[Information supplied — start]
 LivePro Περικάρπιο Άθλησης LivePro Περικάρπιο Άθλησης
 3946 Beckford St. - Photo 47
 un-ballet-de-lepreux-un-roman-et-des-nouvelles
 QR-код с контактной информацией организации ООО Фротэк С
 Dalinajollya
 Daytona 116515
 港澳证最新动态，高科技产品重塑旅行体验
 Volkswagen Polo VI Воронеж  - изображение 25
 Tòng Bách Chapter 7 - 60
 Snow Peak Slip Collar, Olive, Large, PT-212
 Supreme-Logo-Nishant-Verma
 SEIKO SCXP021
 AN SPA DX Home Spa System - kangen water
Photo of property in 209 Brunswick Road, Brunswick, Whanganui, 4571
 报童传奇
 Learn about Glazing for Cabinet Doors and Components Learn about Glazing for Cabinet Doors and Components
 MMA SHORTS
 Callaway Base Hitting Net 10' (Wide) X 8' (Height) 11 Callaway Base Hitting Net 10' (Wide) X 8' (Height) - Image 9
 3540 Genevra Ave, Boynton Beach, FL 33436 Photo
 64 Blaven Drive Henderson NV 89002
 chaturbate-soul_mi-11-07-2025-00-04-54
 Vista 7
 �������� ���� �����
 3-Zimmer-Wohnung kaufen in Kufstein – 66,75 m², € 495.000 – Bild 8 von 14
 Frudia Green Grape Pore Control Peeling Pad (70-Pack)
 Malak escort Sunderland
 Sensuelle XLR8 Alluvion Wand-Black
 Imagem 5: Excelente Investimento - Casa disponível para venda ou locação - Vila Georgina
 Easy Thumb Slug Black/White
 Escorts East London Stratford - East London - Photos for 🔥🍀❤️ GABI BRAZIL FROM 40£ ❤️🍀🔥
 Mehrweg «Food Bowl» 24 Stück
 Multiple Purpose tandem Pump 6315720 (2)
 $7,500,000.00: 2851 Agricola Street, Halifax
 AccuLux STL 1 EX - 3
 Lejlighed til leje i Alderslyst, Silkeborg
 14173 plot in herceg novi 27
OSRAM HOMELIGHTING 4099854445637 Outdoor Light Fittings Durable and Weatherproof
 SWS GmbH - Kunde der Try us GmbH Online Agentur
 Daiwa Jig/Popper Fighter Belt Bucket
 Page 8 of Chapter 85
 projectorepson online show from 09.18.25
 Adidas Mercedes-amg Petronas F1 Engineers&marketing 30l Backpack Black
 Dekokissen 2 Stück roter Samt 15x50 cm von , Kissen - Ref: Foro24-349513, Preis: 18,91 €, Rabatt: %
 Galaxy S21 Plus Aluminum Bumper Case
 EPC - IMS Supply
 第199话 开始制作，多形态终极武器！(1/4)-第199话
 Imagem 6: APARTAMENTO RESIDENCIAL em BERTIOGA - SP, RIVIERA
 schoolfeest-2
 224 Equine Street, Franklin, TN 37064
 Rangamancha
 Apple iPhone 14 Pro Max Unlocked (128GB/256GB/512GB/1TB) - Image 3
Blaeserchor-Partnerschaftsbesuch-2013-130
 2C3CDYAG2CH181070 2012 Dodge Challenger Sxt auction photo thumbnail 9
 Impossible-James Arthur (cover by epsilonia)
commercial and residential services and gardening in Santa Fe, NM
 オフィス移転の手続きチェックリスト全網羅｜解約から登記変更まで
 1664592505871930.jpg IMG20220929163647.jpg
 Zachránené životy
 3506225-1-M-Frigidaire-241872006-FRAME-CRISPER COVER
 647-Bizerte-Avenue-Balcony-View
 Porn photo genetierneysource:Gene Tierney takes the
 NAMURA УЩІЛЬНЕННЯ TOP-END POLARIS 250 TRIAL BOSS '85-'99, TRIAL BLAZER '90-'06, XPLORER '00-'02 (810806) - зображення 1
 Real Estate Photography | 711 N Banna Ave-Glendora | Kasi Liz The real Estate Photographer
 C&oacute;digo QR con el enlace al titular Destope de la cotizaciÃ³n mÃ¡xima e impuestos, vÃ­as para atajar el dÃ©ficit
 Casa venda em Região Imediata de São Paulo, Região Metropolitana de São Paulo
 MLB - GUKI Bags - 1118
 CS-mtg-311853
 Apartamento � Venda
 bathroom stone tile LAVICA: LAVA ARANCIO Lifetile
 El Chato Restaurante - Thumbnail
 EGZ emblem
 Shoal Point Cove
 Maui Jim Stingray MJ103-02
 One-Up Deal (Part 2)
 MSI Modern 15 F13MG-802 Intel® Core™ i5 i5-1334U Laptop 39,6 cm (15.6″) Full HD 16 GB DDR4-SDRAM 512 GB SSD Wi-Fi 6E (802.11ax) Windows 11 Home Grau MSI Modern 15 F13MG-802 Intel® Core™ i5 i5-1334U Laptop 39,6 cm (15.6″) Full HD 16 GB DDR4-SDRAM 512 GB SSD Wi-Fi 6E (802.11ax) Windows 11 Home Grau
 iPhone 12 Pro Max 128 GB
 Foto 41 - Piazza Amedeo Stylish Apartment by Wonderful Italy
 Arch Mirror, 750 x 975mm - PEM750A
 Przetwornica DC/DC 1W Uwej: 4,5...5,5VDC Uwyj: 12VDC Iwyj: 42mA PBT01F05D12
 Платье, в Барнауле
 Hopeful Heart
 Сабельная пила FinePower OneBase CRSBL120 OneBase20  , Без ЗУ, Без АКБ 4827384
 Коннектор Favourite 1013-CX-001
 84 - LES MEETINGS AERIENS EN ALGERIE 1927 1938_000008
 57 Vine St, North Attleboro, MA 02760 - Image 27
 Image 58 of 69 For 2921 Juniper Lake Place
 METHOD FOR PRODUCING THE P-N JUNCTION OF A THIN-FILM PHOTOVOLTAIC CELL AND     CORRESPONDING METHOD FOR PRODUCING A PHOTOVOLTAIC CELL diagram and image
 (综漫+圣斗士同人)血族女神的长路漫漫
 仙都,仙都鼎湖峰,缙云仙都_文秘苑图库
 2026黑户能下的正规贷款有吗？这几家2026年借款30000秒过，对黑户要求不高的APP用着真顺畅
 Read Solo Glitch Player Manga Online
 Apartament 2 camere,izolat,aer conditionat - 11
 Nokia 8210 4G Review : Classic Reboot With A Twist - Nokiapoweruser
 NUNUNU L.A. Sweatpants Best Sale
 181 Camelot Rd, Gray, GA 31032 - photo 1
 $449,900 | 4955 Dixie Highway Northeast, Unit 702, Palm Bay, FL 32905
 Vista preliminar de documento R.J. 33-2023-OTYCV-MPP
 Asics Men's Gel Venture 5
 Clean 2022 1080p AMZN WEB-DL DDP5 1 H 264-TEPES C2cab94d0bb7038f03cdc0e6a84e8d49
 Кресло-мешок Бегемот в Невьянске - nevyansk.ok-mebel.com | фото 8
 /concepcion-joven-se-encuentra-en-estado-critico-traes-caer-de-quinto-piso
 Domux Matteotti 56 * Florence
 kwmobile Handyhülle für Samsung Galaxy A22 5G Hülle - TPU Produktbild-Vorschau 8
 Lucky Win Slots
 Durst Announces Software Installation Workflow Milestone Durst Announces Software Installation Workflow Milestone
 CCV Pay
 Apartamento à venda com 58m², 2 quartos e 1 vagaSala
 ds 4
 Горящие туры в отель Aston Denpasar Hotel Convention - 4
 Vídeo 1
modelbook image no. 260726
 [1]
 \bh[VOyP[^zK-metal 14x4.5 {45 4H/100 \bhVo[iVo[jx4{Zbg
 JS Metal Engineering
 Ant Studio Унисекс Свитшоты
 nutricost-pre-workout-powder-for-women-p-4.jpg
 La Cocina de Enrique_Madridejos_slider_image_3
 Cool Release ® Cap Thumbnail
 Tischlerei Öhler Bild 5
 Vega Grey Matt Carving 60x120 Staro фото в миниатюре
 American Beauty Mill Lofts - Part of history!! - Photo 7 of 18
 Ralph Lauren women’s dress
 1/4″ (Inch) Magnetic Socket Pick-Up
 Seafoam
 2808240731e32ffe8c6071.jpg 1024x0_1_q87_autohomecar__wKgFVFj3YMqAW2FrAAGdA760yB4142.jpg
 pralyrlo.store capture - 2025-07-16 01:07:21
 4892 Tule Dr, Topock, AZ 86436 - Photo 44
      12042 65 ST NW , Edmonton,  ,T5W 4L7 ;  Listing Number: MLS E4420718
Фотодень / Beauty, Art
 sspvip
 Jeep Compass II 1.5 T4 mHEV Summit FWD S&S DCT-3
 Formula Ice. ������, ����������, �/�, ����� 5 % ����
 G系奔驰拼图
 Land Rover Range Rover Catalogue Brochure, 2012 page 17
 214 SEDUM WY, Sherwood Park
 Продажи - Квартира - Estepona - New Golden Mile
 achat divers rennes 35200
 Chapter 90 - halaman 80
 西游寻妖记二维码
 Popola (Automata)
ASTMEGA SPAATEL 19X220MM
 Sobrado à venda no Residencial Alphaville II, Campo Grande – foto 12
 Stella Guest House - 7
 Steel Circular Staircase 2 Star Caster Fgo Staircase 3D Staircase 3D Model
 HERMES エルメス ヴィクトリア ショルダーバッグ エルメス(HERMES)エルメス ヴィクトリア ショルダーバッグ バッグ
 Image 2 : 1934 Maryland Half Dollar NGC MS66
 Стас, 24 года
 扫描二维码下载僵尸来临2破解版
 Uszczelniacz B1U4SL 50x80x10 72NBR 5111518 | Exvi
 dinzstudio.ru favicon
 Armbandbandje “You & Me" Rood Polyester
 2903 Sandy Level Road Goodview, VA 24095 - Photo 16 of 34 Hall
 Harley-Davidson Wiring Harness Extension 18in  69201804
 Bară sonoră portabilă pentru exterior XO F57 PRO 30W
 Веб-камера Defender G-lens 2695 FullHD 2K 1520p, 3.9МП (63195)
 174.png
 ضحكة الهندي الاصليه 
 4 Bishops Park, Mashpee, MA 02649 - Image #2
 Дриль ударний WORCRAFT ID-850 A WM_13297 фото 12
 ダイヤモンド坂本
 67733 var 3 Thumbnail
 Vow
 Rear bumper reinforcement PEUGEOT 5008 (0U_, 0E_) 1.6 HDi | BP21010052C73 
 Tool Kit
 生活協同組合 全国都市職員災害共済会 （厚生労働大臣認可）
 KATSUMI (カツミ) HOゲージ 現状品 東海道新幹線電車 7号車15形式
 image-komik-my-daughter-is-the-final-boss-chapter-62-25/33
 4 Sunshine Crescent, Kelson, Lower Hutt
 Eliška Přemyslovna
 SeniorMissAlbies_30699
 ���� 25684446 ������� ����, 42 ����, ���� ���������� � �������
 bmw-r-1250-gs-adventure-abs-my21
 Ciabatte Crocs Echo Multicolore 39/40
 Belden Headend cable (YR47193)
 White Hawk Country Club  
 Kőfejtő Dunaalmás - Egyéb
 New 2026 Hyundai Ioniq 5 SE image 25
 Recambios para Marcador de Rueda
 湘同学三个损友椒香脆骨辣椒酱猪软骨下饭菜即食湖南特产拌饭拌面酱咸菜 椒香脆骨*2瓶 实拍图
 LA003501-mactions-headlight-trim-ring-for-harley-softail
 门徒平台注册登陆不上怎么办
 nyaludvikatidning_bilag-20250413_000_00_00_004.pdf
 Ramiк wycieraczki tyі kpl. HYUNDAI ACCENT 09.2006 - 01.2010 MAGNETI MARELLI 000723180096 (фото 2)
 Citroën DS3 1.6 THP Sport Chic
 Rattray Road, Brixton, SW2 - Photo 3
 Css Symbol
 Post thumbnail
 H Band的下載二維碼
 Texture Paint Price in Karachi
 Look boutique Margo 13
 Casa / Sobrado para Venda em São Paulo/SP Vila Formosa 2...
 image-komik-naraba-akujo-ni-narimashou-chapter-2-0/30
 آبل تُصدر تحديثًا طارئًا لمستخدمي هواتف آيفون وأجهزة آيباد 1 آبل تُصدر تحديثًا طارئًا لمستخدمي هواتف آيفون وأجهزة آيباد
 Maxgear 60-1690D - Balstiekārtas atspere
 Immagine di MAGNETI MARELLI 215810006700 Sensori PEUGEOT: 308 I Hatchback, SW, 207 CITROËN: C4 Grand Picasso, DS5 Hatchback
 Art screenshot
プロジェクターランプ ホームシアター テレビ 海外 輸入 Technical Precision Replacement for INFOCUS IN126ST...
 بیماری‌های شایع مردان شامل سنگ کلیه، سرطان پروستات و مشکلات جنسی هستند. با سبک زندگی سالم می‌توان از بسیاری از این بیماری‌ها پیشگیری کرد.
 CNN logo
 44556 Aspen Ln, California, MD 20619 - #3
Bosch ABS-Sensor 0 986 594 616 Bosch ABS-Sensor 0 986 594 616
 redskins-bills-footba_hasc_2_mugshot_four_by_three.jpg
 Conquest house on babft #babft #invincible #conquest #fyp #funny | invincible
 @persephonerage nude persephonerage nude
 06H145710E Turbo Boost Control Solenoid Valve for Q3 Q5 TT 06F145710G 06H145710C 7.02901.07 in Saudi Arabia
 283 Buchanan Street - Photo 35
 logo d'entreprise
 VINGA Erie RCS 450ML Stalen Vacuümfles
[Information supplied — finish]
Check each line of the records for "Casa" and copy the ones that contain it.

 Imagem 5: Excelente Investimento - Casa disponível para venda ou locação - Vila Georgina
 Casa venda em Região Imediata de São Paulo, Região Metropolitana de São Paulo
 Casa / Sobrado para Venda em São Paulo/SP Vila Formosa 2...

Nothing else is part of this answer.